Re: newstore direction

Mark Nelson <mnelson@xxxxxxxxxx> · Wed, 21 Oct 2015 14:37:18 -0500

On 10/21/2015 10:51 AM, Ric Wheeler wrote:
On 10/21/2015 10:14 AM, Mark Nelson wrote:

On 10/21/2015 06:24 AM, Ric Wheeler wrote:

On 10/21/2015 06:06 AM, Allen Samuels wrote:
I agree that moving newStore to raw block is going to be a significant
development effort. But the current scheme of using a KV store
combined with a normal file system is always going to be problematic
(FileStore or NewStore). This is caused by the transactional
requirements of the ObjectStore interface, essentially you need to
make transactionally consistent updates to two indexes, one of which
doesn't understand transactions (File Systems) and can never be
tightly-connected to the other one.

You'll always be able to make this "loosely coupled" approach work,
but it will never be optimal. The real question is whether the
performance difference of a suboptimal implementation is something
that you can live with compared to the longer gestation period of the
more optimal implementation. Clearly, Sage believes that the
performance difference is significant or he wouldn't have kicked off
this discussion in the first place.

I think that we need to work with the existing stack - measure and do
some collaborative analysis - before we throw out decades of work.  Very
hard to understand why the local file system is a barrier for
performance in this case when it is not an issue in existing enterprise
applications.

We need some deep analysis with some local file system experts thrown in
to validate the concerns.

I think Sage has been working pretty closely with the XFS guys to
uncover these kinds of issues.  I know if I encounter something fairly
FS specific I try to drag Eric or Dave in.  I think the core of the
problem is that we often find ourselves exercising filesystems in
pretty unusual ways.  While it's probably good that we add this kind
of coverage and help work out somewhat esoteric bugs, I think it does
make our job of making Ceph perform well harder.  One example:  I had
been telling folks for several years to favor dentry and inode cache
due to the way our PG directory splitting works (backed by test
results), but then Sage discovered:

http://www.spinics.net/lists/ceph-devel/msg25644.html

This is just one example of how very nuanced our performance story is.
I can keep many users at least semi-engaged when talking about objects
being laid out in a nested directory structure, how dentry/inode cache
affects that in a general sense, etc.  But combine the kind of
subtlety in the link above with the vastness of things in the data
path that can hurt performance, and people generally just can't wrap
their heads around all of it (With the exception of some of the very
smart folks on this mailing list!)

One of my biggest concerns going forward is reducing the user-facing
complexity of our performance story.  The question I ask myself is:
Does keeping Ceph on a FS help us or hurt us in that regard?

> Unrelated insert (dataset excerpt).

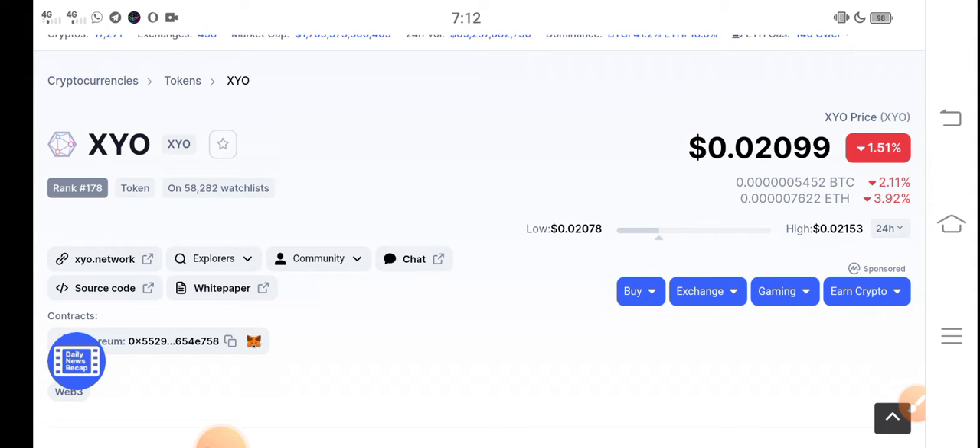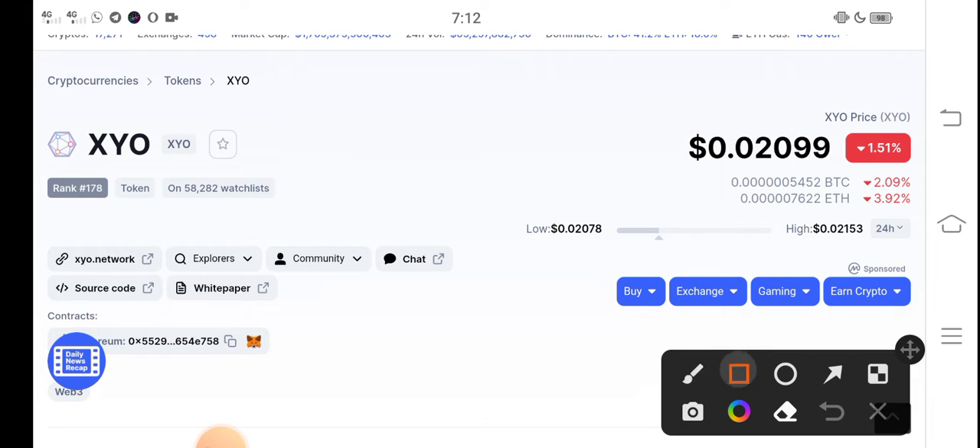Before starting this video, make sure to subscribe to our channel for more latest news and update videos. At this time, if you talk about the right now situation of XYO token, the right now price of XYO token in the market is $0.02099 USD — that's the current price of XYO token.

The upshot of that is that the kind of micro-optimization is already
handled by the file system, so the application job should be easier.
Better to fsync() each file from an application that you care about
rather than to worry about using more obscure calls.

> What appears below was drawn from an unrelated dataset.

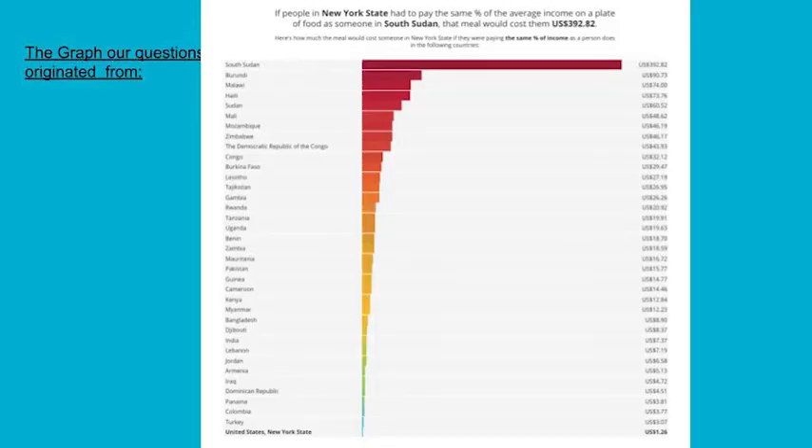During our chapter on agriculture, we ended by talking about food security — how much food is available for people to eat. The graph indicates that a $2.22 meal in New York City would cost $392.82 in South Sudan.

I hear you, and I don't want to discount the massive amount of work and 
experience that has gone into making XFS and the other filesystems as 
amazing as they are.  I think Sage's argument that the fit isn't right 
has merit though.  There's a lot of things that we end up working 
around.  Take last winter when we ended up pushing past the 254byte 
inline xattr boundary.  We absolutely want to keep xattrs inlined so the 
idea now is we break large ones down into smaller chunks to try to work 
around the limitation while continuing to employ a 2K inode size. (which 
from my conversations with Ben sounds like it's a little controversial 
in it's own right)  All of this by itself is fairly inconsequential, but 
you add enough of this kind of thing up and it's tough not to feel like 
we're trying to pound a square peg into a round hole.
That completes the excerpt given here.